Originally shared by Kabul-based author and activist Homeira Qaderi, the video was also posted by BBC Persian journalist Zia Shahreyar, who also put it into context. 

The 40-second video comes four days after Afghan news network TOLOnews reported that the Taliban had ordered shopping malls in Herat to “remove the heads of mannequins”.

“These are the statues — they are defined in the (holy) books and should not be in Islam. These were being worshipped. They (the shopkeepers) said that they display the clothes on them,” the report quoted the chief of Herat’s “department of vice and virtue” as saying.

According to the report, the department “warned that the shopkeepers will be punished if they violate the order”. It added that the order has come under criticism from garment-sellers and mall owners.

The video has generated a furore on social media, with some users questioning the priorities of the Taliban regime as Afghanistan faces a humanitarian crisis spurred on by a food shortage and a crashing economy. 

“This doesn’t make mannequins less sexy, or men less aroused. It just sends the message that a woman’s body is amenable to the utmost graphic violence,” a user pointed out.

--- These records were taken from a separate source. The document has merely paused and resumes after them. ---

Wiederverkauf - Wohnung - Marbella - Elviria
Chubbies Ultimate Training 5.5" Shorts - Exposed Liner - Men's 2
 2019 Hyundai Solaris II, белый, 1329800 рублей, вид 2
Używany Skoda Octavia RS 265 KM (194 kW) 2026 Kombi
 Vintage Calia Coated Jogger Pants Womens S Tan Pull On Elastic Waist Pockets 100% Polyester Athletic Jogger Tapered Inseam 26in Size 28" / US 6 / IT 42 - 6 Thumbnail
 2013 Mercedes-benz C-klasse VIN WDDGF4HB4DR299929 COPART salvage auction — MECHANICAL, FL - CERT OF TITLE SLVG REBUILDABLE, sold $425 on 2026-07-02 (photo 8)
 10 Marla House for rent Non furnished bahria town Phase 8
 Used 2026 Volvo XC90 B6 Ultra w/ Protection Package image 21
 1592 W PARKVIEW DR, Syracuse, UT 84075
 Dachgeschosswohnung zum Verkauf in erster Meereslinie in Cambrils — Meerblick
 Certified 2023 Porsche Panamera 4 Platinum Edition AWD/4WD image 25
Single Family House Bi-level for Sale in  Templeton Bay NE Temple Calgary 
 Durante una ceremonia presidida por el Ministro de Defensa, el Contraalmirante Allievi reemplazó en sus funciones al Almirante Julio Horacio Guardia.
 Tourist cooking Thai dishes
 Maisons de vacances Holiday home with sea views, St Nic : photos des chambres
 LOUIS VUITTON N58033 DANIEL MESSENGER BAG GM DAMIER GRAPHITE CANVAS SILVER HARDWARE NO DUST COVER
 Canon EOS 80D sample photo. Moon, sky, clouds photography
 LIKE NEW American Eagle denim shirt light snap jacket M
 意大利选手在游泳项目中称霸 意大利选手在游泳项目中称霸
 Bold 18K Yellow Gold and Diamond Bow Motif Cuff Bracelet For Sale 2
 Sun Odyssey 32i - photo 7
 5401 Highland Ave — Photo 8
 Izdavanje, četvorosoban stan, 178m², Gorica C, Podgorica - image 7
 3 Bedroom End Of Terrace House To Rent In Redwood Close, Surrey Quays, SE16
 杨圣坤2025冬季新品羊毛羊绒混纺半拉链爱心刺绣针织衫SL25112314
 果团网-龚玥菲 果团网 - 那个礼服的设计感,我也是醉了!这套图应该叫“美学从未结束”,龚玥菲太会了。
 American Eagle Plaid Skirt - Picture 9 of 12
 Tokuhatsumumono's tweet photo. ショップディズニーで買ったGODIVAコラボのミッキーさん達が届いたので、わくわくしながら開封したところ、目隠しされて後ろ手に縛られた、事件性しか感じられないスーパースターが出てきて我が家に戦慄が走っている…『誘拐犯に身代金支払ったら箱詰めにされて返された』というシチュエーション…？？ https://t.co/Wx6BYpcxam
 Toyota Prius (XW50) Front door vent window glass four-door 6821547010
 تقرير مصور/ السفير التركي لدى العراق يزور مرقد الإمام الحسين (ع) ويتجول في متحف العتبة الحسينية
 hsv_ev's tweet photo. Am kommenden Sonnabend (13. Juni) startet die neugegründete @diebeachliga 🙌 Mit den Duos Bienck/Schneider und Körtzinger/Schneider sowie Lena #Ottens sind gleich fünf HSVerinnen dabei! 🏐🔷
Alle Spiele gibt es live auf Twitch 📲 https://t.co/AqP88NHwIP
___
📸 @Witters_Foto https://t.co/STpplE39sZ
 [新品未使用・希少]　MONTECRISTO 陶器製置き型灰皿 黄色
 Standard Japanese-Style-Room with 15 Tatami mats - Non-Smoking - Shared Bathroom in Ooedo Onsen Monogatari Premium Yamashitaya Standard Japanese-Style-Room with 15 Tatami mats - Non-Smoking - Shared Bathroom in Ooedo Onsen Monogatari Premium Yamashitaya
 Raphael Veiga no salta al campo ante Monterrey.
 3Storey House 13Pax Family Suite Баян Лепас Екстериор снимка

Located in western Afghanistan, the oasis city of Herat is the country’s third most populous, and is seen as Afghanistan’s cultural heritage and arts centre, according to an article written by historian C.P.W. Gammell in Prospect Magazine

The city’s majority Tajik and Hazara population, which primarily speaks Dari, “fared badly” under the rule of the Pashto-speaking Taliban in 1996-2001, Gammell added. Following the August 2021 takeover, the city’s residents have attempted to keep the cultural “spirit” going “in defiance of the Taliban”, he said.